- Exercise description: The range runs from the line containing "Soft Circle Faux Fur Foam Slipper Pet Bed" to the last line of the entries. Restate those lines word for word, without the pictures.

Segment Start: Dataset records

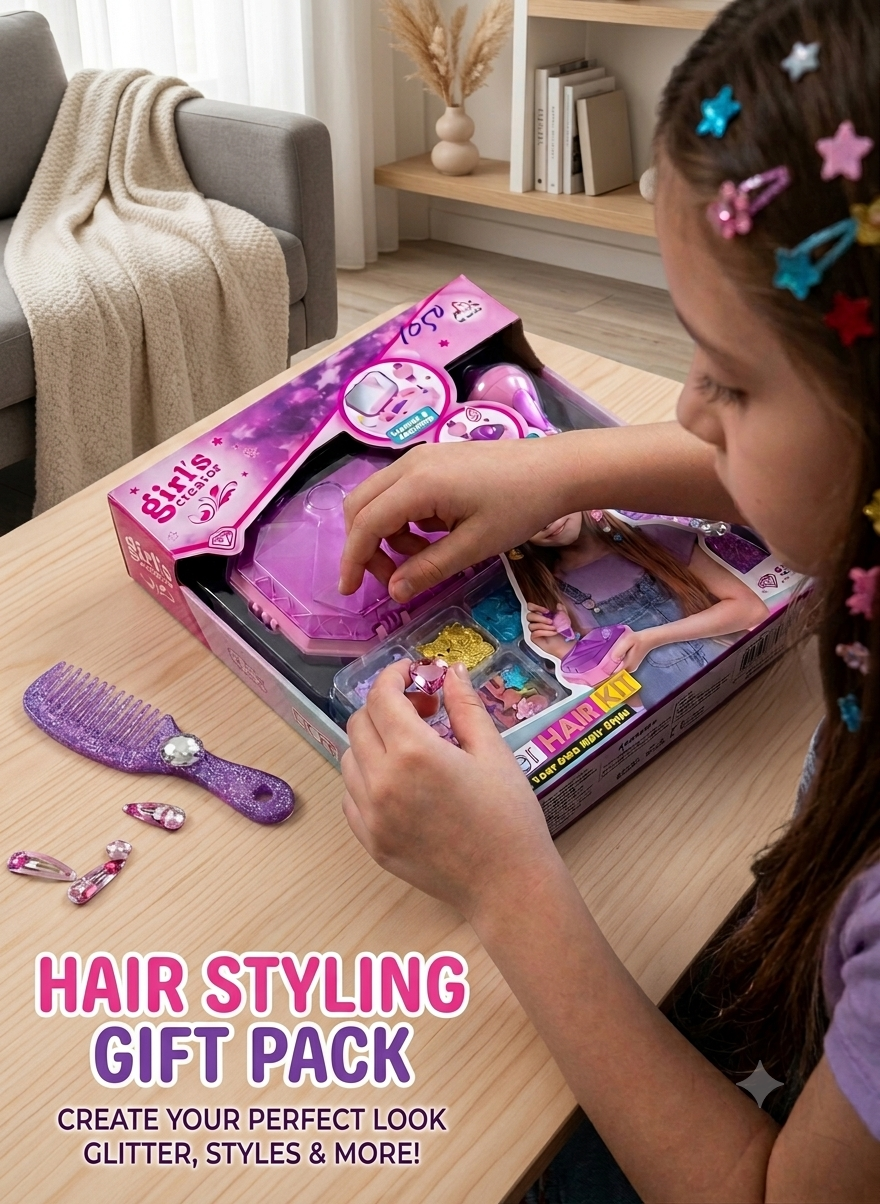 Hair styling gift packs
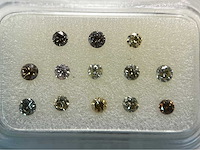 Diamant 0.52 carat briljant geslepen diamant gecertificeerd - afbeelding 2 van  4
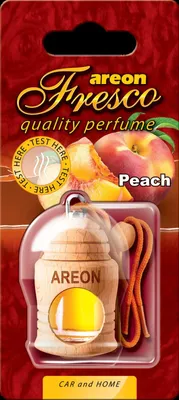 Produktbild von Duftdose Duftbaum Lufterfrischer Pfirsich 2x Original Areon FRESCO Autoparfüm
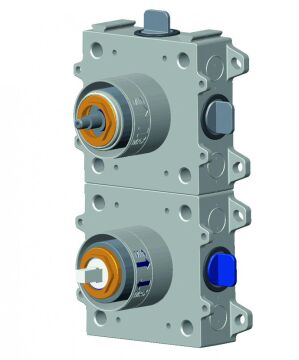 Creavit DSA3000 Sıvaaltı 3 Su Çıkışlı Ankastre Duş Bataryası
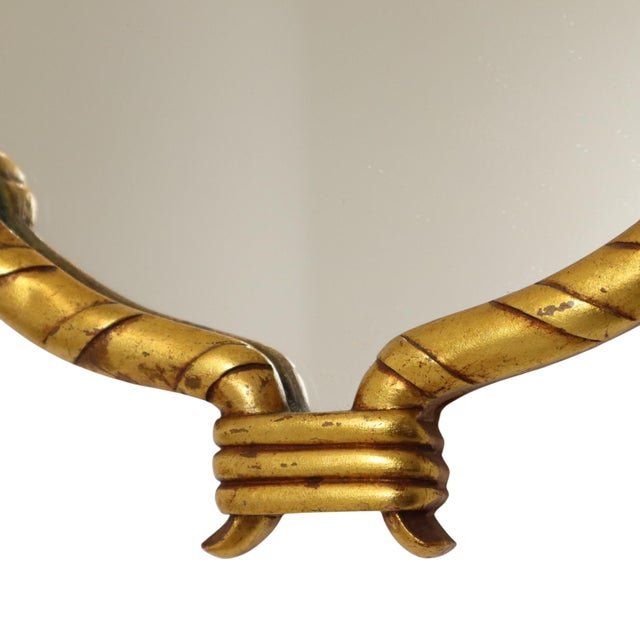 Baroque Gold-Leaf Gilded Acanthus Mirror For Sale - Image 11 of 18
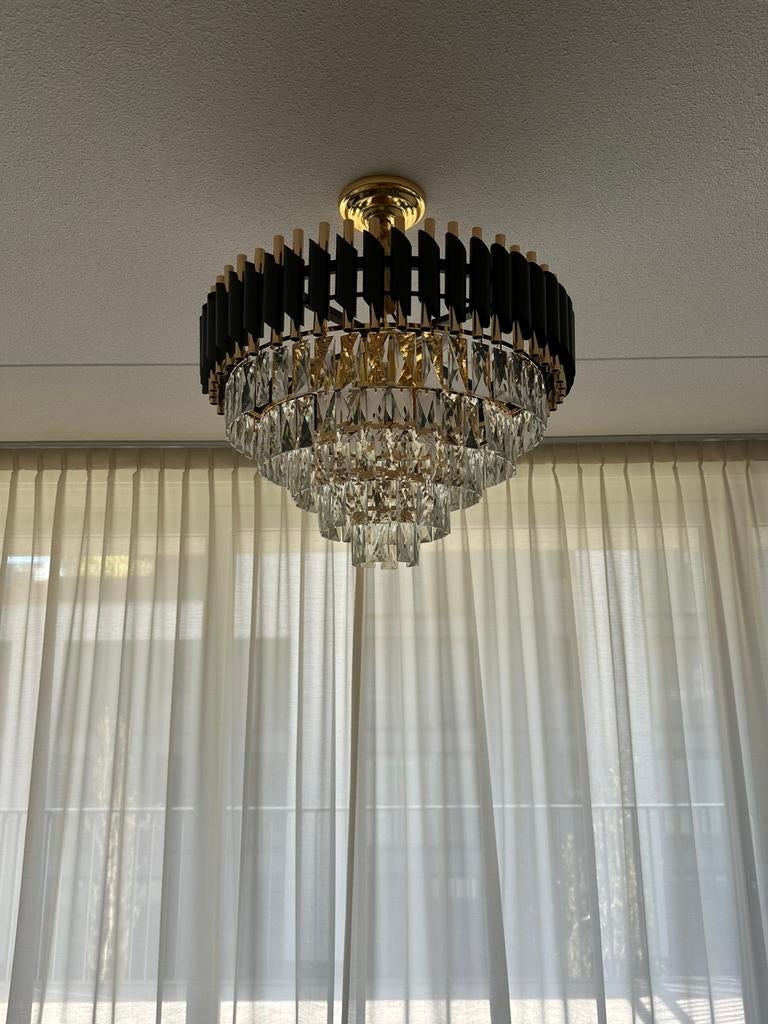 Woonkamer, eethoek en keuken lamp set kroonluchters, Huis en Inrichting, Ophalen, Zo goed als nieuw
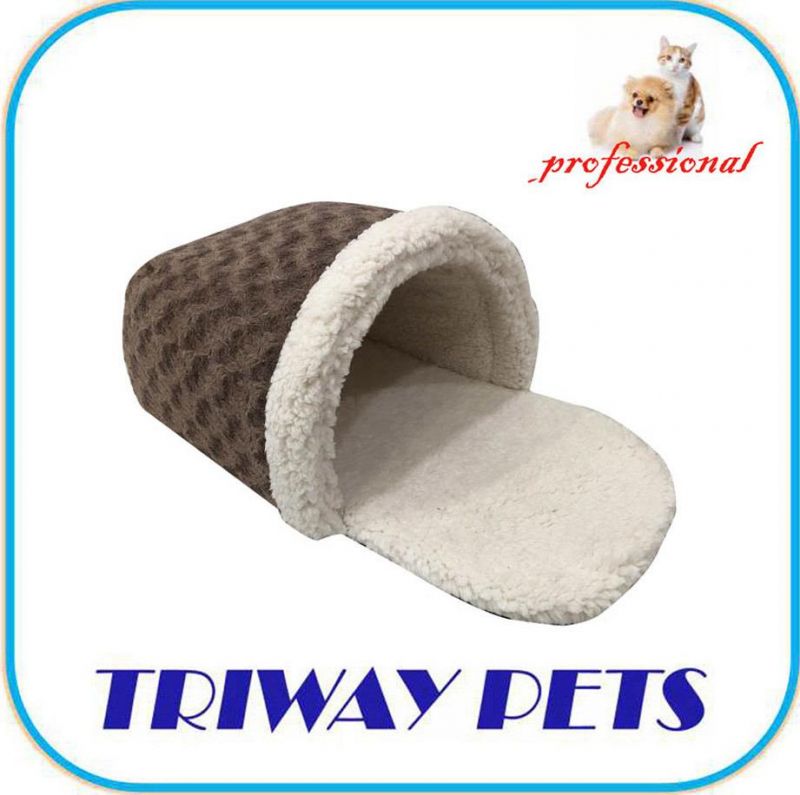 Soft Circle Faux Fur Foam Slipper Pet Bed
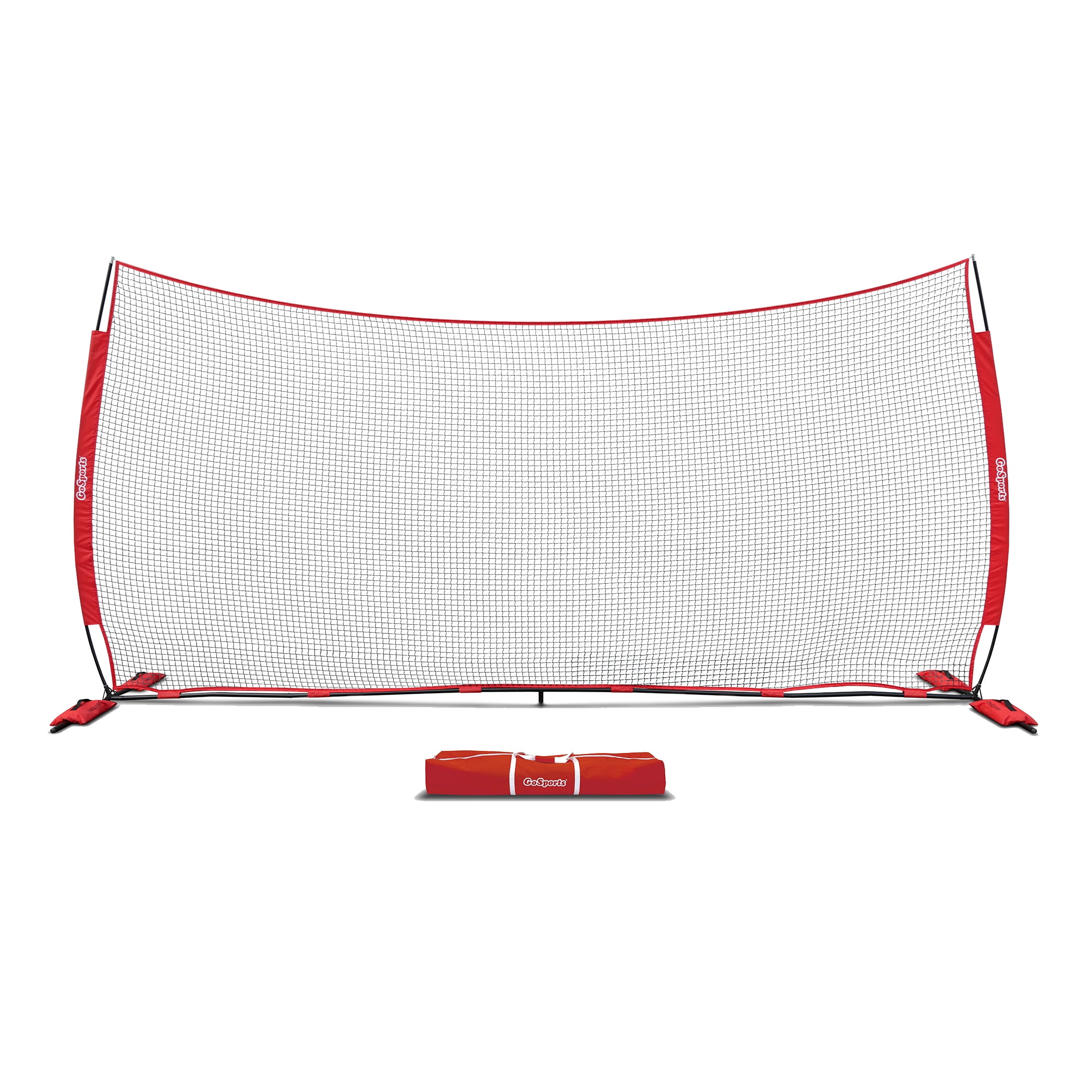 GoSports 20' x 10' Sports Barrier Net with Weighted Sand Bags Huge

Segment End: Dataset records

- Task answer:
 Soft Circle Faux Fur Foam Slipper Pet Bed
 GoSports 20' x 10' Sports Barrier Net with Weighted Sand Bags Huge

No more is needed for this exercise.